Where the line with "Victoria's secret PINK" appears below, start writing out lines exactly, and finish with the line with "王齊麟（右）自虧在場賽「我就", which is included; write out nothing else.

▶ _SOURCE DATA_:

=== Begin Enclosure ===

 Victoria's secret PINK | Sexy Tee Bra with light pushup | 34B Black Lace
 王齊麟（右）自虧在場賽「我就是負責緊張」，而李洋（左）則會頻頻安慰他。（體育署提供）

=== End Enclosure ===
=== Begin Enclosure ===

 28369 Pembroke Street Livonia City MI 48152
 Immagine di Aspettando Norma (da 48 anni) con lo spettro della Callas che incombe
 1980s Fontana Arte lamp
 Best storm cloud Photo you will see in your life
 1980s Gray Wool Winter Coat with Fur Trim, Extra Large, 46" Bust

=== End Enclosure ===
=== Begin Enclosure ===

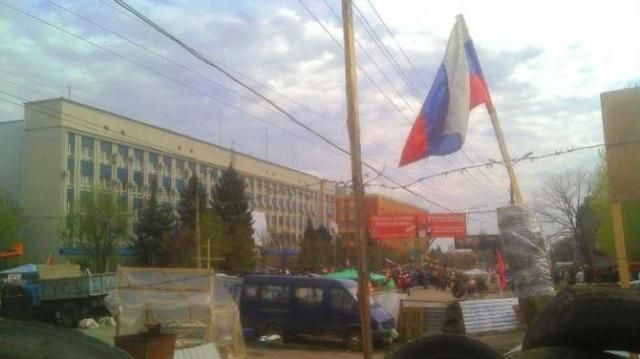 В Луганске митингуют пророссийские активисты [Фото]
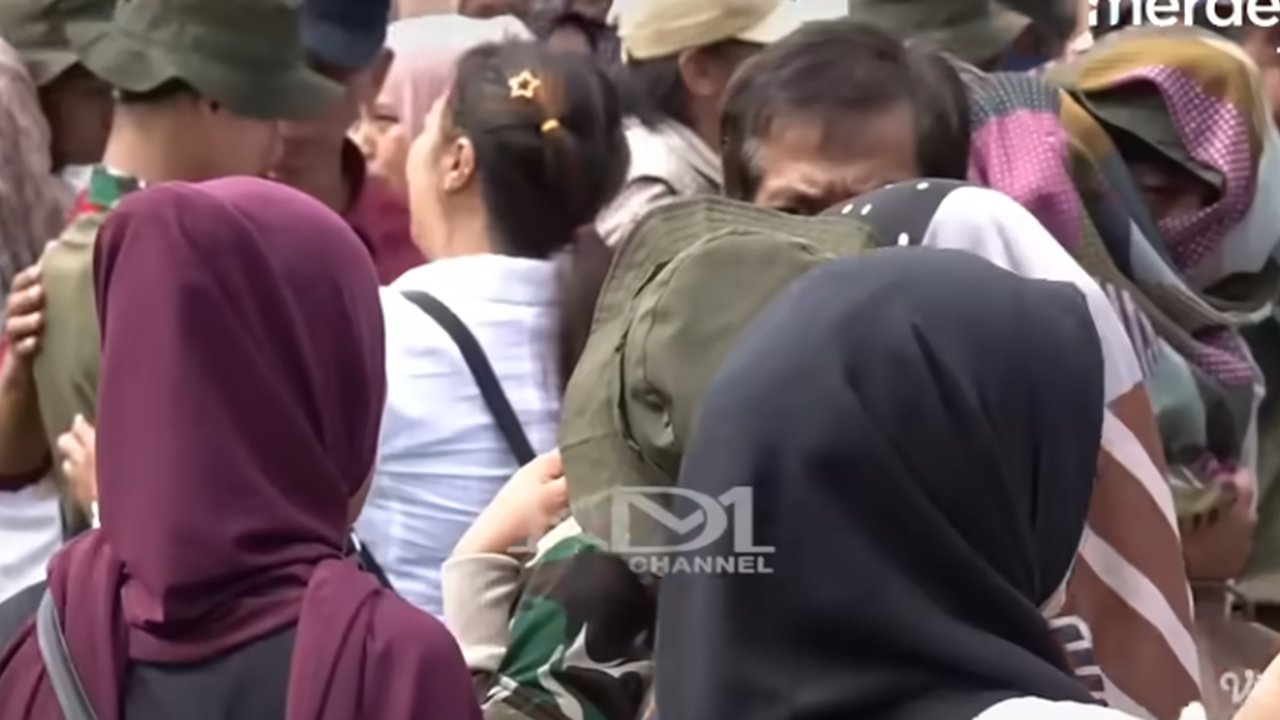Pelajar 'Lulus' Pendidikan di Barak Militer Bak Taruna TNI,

=== End Enclosure ===

▶ _ANSWER SECTION_:
 Victoria's secret PINK | Sexy Tee Bra with light pushup | 34B Black Lace
 王齊麟（右）自虧在場賽「我就是負責緊張」，而李洋（左）則會頻頻安慰他。（體育署提供）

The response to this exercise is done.